Managing inventory is never an easy task but it is made much simpler with effective inventory management systems.
To this end, managers typically use a four-category classification system for the different types of inventory a firm might need to track.
We will discuss those four types of inventory as well as how an inventory management system can help effectively coordinate the unique logistics attached to each category.
While this classification might seem quite self-explanatory on the surface, that doesn’t do justice to the critical nature it serves for many companies. Raw materials management is literally the lifeblood of any production line and inventory management systems often use everything from tracking codes and labels to software that helps anticipate a location’s future needs in terms of materials. From managing stock on hand to anticipating future needs, raw materials inventory management is the critical bridge between production and retail. As such the necessity for effective administration in this area cannot be understated.

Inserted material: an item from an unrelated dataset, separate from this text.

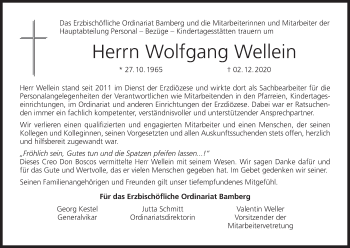 Anzeige von Wolfgang Wellein von MGO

Time is money and nowhere is this truer than with unfinished products waiting for that last stage of production to get them on the road. Why is managing unfinished products critical to a company’s bottom line? Because time, labor, and material costs are already sunk into it, no matter what it is, and the longer it sits around the more it costs in lost market opportunities as well. An optimized inventory management system minimizes the amount of time a product will sit in storage and will get it through to the final stages necessary to bring it to market and monetize it.
Moving a product from the factory floor to the transit system to get it to market is quite an accomplishment itself but the inventory manager’s job doesn’t end there. In-transit inventory often accounts for a substantial portion of any company’s anticipated revenues with Inbound Logistics estimating this percentage at anywhere from 5% to 20% depending on the company’s market and current factors pertaining to that.
Cycle inventory, also called cycle stock, refers to that product which moves from the product lines directly to consumers and often has limited to no storage times associated with them. As you can imagine, this is an inventory chain that moves very quickly thus necessitating an equally responsive inventory management system.
Other Types to Consider:
This is often an inventory level maintained by a company for one reason or another in order to achieve objectives such as smoothing out market fluctuations in demand or even to keep a factory running and employees working during times of lax demand.
Anticipatory or safety stock is often kept by companies that expect a large demand for their product in the marketplace. Other reasons for maintaining safety or anticipatory stock include future rises in input material prices or even the inability of a firm to obtain those inputs at all due to one economic condition or the other.